● TASK OBJECTIVE
Using the records below, copy exactly the part that opens with the line holding "[Tirotata] Gahi-chan Ch.15【忆之风汉化组】" and closes with the line holding "ТИНЬКОФФ БЛЭК МЕТАЛЛ", minus the pictures.

● DATA EXTRACTS
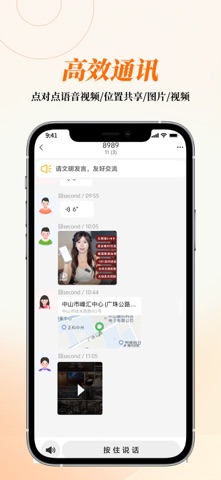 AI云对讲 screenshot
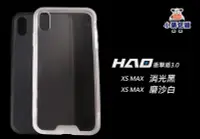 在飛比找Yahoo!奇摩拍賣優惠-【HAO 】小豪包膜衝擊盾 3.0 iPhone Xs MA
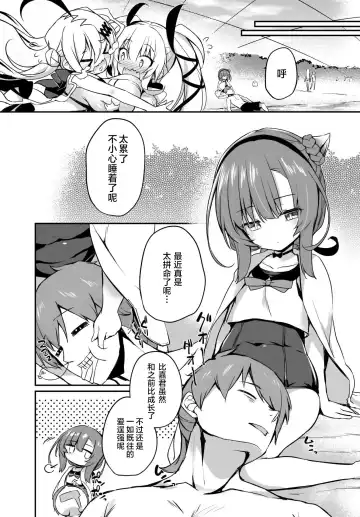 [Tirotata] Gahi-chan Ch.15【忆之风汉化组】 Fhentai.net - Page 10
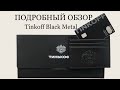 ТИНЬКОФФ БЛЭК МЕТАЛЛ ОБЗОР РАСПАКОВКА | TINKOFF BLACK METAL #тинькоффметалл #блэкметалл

---

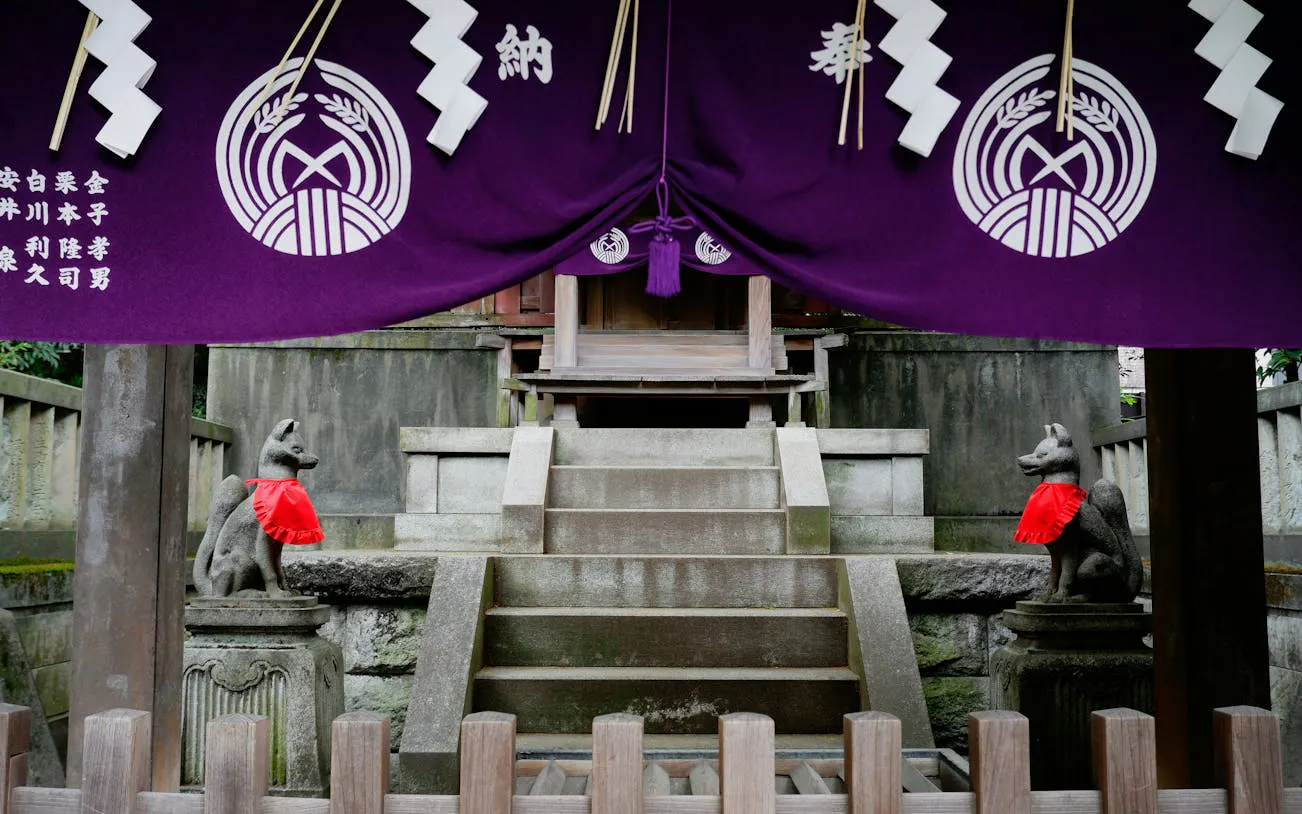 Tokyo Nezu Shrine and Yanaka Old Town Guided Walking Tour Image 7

● SOLUTION TO THIS TASK
 [Tirotata] Gahi-chan Ch.15【忆之风汉化组】 Fhentai.net - Page 10
 ТИНЬКОФФ БЛЭК МЕТАЛЛ ОБЗОР РАСПАКОВКА | TINKOFF BLACK METAL #тинькоффметалл #блэкметалл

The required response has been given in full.